Um Pouco sobre “Palavras, Magias e Serpentes”, de Alan Moore e Eddie Campbell
Em 2020 e parte de 2021, durante o isolamento social, tive o prazer de trabalhar na organização e na tradução – ao lado de Andrio Santos – de Palavras, Magias e Serpentes, a versão nacional do quadrinho e compêndio – essa poderia ser a palavra – Desease of Language, adaptação que Eddie Campbell fez de duas performances mágicas de Alan More, A Membrana Fatal e Serpentes & Escadas. Além das duas quadrinizações, o livro reúne uma longa entrevista feita pelo ilustrador de From Hell com o Mago de Northampton. Nessa entrevista, Moore detalha sua formação mística, sua compreensão da magia e como ela foi pouco a pouco moldando sua arte e sua vida. Compartilho aqui com os leitores, parte do meu posfácio a essa obra poética, fascinante e altamente indicada a todos aqueles que adoram a obra de Moore e Campbell e que desejam saber mais sobre a relação entre arte, magia e busca existencial.
EXCERTO DO POSFÁCIO DE PALAVRAS, MAGIAS E SERPENTES
“Comecemos com três conceitos.
Magia. A palavra ecoa múltiplos sentidos, que vão do mais ritualístico e sagrado da experiência individual ou coletiva ao mais banal e desgastado espetáculo cênico ou esotérico.

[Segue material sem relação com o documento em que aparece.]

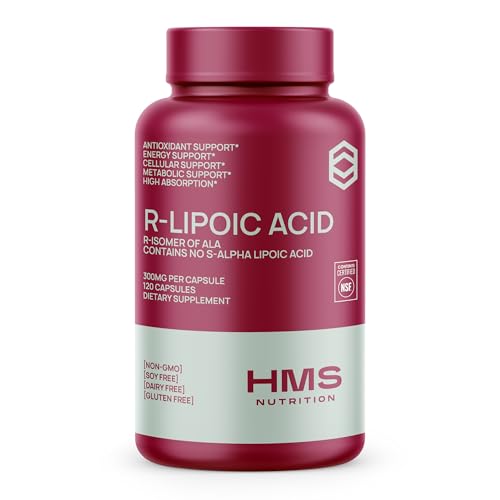 Stabilized R-Lipoic Acid 300mg Per Serving, R Alpha Lipoic Acid ALA Supplement Antioxidant for Nerve, Energy & Metabolism Support, NSF Certified Supplements,Non-GMO & Vegan,120 Capsules,4 Month Supply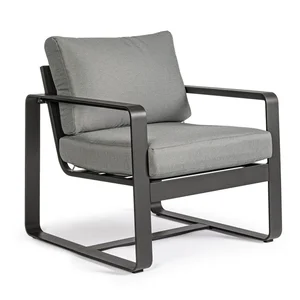 Kovové zahradní křeslo Merrigan, šedé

Arte. O termo é multifacetado, podendo ecoar sensibilidades, desafiar visões críticas, povoar a imaginação de criadores e consumidores de ontem, de hoje, de sempre.

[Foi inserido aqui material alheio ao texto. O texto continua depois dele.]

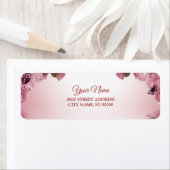 Pink Floral Butterfly Wedding Return Address ラベル (インサイチュ)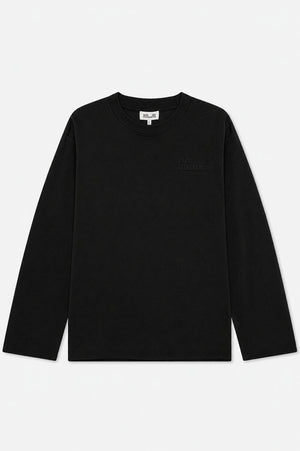 Front view of a black long-sleeved crew-neck T-shirt with subtle tonal Baum und Pferdgarten lettering on the chest.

Consciência. O vocábulo desperta pendores morais, éticos, científicos e imaginativos, opondo o fantasma mental da máquina corpórea ao que possivelmente nos diferencia dos animais.
O roteirista inglês de quadrinhos, artista multimídia e mago autodeclarado Alan Moore (1953) tem constantemente entrecruzado os três termos em sua vida e em sua obra. No campo de suas inúmeras reflexões, tanto pessoais quanto artísticas, ele tem debatido seu despertar para a magia, além do seu aprendizado e constante prática nessa igualmente enigmática e banalizada seara.
Para Moore, um criador de histórias seria uma criatura híbrida, um compósito cultural que reuniria as figuras de um artista, de um mago e de um alterador de consciências. Tal compreensão repercute em obras quadrínisticas como Promethea, em performances mulmítidia como Angel Passage, em ensaios críticos como Anjos Fósseis e em entrevistas e aparições públicas, essas cada vez mais raras, e em publicações singulares como este livro, intitulado no Brasil de Palavras, Magias e Serpentes.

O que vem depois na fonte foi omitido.